I know I can't do it. I've fucked my ankles too many times in too many different ways that I wouldn't get through half a day. If it was just powder surfing sure, but anything firm or any jumps or drops and I'd be out


----------



## Alonzo (Dec 30, 2015)

Synathidy said:


> I saw some documentary sort of thing posted on youtube in which I learned that the great Damian Sanders, whom could arguably be considered a "baron of boning," donned hard boots in the era around 1990, despite his penchant for contorting and poking his board in all manner of radical positions.
> 
> However... I wasn't around then and suspect that maybe the standards of boot stiffness have shifted over the years. So maybe what was "hard" then is "softer" today. I do not know; maybe someone who was around then does. It was interesting to hear of, anyhow-- the idea that maybe one COULD bone out grabs in hard boots. I'm only just getting introduced to the bear basics of grabs myself, but really think the "boned" grabs look fun and cool. Definitely would like to do them at a point when I'm comfortable getting more air time.

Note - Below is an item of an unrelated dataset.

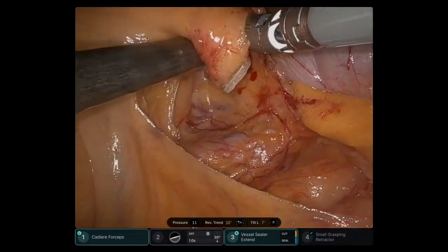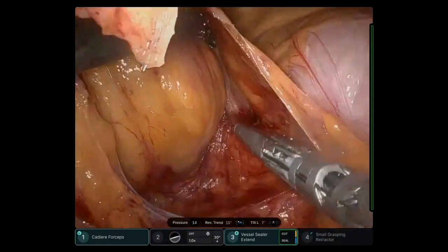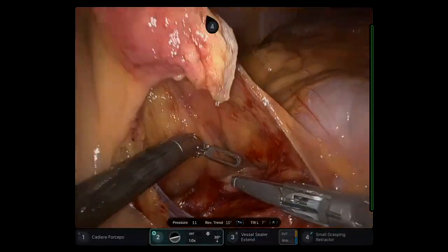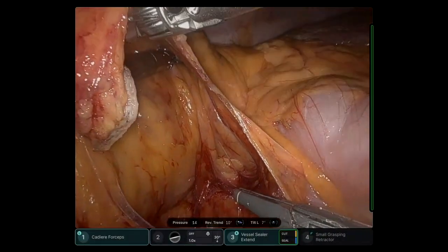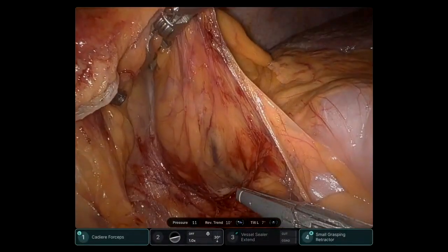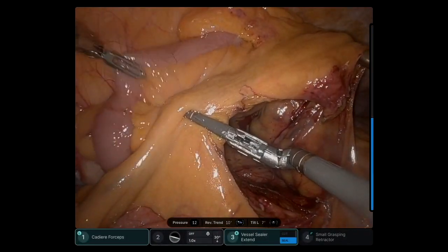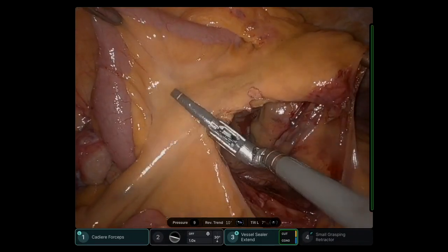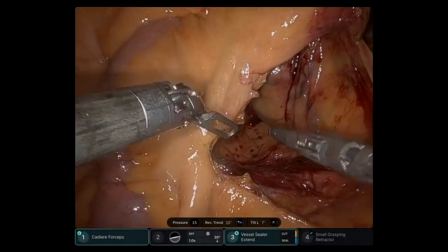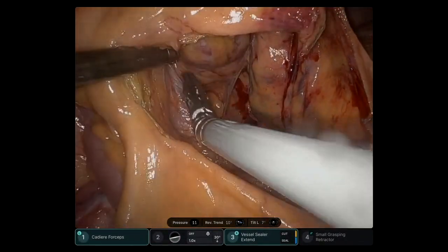As usual, a medial-to-lateral dissection is created. This is a very thin patient and the structures are very delicate. Here I'm using the forearm instrument adequately to create that space. I'm taking the mesentery of the terminal ileum to perform the transection at that portion, again bringing down the retroperitoneal structures.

He used to modify the hell out of them to make them softer. A lot of splitboarders do similar modifications to alpine touring ski boots to give them more forward, medial and lateral flex.


----------



## 161210 (Feb 9, 2018)

WideRanger said:


> Yes, that's exactly it! The way I want to ride powder is a lot like carving on a downhill skateboard - legs as straight as possible, feet flatter, and ankles flexed. Stiff boots force me to bend my knees more on heelside carves; it's a bad feeling.
> 
> I've been riding the Taro Tamai boots this winter -- they're the only modern boots I've found that have supposedly softer flex but also higher end features like boa and rubber soles. But I still think they are too stiff for my preference. They're ok but I'd love to find an even flexier boot.
> 
> ...


Yes, if I am just doing a couple o runs (small family type ski resort ten minutes from the house) then I sometimes take those runs in Sorels...but I am using ancient and very stiff drake bindings with them though...very comfy and it works. Sorels are useful anyways...why not try a new pair and a set of stiff bindings for a run or two and see how that works for you? Demo the bindings and at worst you just have a new set of useful for winter Sorels...


----------



## Gnarly (Mar 12, 2008)

Get some Ride Insano's. Those are way soft boots.


----------



## SGboarder (Jun 24, 2012)

Gnarly said:


> Get some Ride Insano's. Those are way soft boots.


Not really funny


----------